EXERCISE DETAILS =
Within the records that follow, find every line containing the string "фото". Copy those lines.

Short descriptive text snippets:
+ + +

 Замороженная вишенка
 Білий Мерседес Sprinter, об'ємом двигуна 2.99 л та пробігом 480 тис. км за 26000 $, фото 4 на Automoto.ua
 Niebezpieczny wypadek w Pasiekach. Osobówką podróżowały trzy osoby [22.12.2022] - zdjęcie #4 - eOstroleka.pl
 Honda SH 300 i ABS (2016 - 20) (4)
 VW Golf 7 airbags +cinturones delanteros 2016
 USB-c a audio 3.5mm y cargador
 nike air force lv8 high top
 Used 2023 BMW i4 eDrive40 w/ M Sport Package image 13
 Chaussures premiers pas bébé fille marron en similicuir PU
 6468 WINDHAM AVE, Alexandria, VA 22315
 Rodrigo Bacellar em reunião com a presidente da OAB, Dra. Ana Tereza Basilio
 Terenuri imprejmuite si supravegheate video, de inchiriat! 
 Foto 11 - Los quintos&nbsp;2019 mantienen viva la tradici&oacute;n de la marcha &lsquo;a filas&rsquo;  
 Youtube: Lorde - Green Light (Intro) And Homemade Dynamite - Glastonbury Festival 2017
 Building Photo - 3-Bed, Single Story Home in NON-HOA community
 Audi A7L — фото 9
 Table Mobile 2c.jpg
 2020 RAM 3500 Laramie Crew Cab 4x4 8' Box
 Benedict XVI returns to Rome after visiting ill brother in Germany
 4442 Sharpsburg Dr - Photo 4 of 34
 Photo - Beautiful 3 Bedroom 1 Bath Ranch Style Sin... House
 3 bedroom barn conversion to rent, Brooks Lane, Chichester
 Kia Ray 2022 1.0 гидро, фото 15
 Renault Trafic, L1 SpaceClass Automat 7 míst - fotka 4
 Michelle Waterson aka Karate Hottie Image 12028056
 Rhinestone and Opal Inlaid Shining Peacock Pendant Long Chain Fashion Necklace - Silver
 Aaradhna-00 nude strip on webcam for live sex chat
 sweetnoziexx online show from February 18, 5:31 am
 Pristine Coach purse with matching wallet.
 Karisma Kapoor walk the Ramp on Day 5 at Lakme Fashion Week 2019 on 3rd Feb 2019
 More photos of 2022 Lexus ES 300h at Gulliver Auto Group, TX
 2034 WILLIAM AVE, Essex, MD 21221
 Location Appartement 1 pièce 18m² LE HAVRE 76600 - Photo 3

+ + +

ANSWER SPACE =
 Білий Мерседес Sprinter, об'ємом двигуна 2.99 л та пробігом 480 тис. км за 26000 $, фото 4 на Automoto.ua
 Audi A7L — фото 9
 Kia Ray 2022 1.0 гидро, фото 15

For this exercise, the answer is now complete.